And some examples of reward nonzero-sum properties are:

// What is the sum of the individual expected costs of the players p1 and p2
// over the first k steps when the player collaborate to minimize these costs
<<p1:p2>>max=? ( R{"c1"}[ C<=k ] + R{"c2"}[ C<=k ] )

// Can the players guarantee the sum of the individual rewards at
// steps 8 for player 1 and step 10 for player 2 is at least 4.5
<<p1:p2>> >=4.5 ( R{"r1"}[ I=8 ] + R{"r2"}[ I=10 ] )

// What is the maximum sum of the expected time of player 1 eventually sending its packet
// and the expected time for the coalition of players two and three to send their packets
<<p1:p2,p3>>min=? ( R{"time"}[F "sent1" ] + R{"time"}[F "sent2" & "sent3" ] )

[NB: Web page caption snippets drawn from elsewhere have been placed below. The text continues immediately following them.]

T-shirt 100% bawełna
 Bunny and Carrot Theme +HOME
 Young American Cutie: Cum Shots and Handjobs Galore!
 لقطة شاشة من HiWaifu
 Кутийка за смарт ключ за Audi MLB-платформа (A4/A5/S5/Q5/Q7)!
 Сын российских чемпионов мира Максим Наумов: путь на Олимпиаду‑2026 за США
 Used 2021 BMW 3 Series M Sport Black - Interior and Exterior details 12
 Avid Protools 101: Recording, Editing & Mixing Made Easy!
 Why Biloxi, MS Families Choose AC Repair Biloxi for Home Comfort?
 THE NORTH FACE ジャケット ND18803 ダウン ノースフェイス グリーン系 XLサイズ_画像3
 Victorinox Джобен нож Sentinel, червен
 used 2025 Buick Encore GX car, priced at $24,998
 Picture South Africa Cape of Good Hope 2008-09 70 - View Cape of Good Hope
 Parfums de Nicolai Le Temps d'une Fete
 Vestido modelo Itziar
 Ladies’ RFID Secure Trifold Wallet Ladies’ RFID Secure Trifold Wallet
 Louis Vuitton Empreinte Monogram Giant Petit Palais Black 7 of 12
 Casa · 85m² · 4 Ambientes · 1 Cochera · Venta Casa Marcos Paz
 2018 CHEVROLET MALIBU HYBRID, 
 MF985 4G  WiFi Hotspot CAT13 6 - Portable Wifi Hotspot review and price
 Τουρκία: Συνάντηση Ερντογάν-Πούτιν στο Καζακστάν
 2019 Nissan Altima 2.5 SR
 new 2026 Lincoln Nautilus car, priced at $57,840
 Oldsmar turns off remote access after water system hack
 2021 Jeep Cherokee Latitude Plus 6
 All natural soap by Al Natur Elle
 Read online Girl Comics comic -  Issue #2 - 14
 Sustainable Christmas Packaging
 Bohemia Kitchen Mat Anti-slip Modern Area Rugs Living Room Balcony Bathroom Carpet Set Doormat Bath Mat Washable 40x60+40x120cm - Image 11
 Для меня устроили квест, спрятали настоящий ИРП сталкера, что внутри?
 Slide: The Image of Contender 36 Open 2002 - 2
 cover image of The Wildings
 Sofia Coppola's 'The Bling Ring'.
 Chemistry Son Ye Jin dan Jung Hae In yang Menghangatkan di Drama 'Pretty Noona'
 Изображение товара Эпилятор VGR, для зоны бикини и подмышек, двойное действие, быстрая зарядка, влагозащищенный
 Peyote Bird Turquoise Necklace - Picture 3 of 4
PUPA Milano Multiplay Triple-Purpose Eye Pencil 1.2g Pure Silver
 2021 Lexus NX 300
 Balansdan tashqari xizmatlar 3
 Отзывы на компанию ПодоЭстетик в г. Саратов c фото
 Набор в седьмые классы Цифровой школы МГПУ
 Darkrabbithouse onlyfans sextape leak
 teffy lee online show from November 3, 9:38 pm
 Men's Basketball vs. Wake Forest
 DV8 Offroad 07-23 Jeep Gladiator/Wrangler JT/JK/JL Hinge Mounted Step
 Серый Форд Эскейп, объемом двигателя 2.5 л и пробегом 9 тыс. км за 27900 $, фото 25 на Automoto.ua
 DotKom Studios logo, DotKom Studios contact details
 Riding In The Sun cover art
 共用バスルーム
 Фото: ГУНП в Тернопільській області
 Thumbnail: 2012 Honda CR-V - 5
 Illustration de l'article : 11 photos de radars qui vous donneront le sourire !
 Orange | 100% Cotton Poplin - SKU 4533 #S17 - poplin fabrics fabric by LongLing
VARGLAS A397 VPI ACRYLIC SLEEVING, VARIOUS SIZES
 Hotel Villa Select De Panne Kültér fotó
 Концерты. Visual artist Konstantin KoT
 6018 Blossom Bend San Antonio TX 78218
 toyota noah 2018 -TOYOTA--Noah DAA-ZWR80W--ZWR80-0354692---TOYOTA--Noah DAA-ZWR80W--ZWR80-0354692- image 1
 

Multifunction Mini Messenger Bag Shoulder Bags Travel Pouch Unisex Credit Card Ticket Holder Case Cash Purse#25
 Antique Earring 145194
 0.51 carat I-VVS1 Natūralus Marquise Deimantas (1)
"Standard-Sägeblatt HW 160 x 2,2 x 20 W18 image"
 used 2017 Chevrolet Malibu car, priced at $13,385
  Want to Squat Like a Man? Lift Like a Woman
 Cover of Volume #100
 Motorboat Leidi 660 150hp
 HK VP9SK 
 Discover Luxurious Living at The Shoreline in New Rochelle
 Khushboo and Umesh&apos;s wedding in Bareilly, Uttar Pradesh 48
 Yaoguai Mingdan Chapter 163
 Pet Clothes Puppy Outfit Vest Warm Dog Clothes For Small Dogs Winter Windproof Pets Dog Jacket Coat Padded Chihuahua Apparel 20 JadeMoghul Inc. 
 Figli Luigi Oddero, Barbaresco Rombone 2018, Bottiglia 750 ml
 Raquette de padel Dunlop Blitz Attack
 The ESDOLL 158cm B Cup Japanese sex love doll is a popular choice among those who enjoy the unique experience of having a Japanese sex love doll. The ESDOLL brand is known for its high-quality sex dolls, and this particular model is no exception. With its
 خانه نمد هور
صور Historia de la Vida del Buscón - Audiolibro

// What is the minimum sum of the expected cost of player 1 eventually reaching its goal
// and the expected costs for the coalition of players two and three over the first 100 steps
<<p1:p2,p3>>min=? ( R{"c1"}[ F "goal1" ] + R{"c23"}[ C<=100 ])

Different variants of equilibria are supported. The type of equilibrium can be either Nash (the default, as in above examples) or a correlated equilibrium. The optimisation criterion can be either social welfare (the default, as in above examples) or social fairness, which minimises the difference between coalitions' objectives, rather than maximising the sum. For details, see [KNPS22]. These are specified as in the following examples.

// Social welfare Nash equilibrium
<<p1:p2>>{nash,social}max=?(R{"r1"}[F s] + R{"r2"}[F s]);

// Social welfare Nash equilibrium
<<p1:p2>>{nash,fair}max=?(R{"r1"}[F s] + R{"r2"}[F s]);

// Social welfare correlated equilibrium
<<p1:p2>>{corr,social}max=?(R{"r1"}[F s] + R{"r2"}[F s]);

// Social fairness correlated equilibrium
<<p1:p2>>{corr,fair}max=?(R{"r1"}[F s] + R{"r2"}[F s]);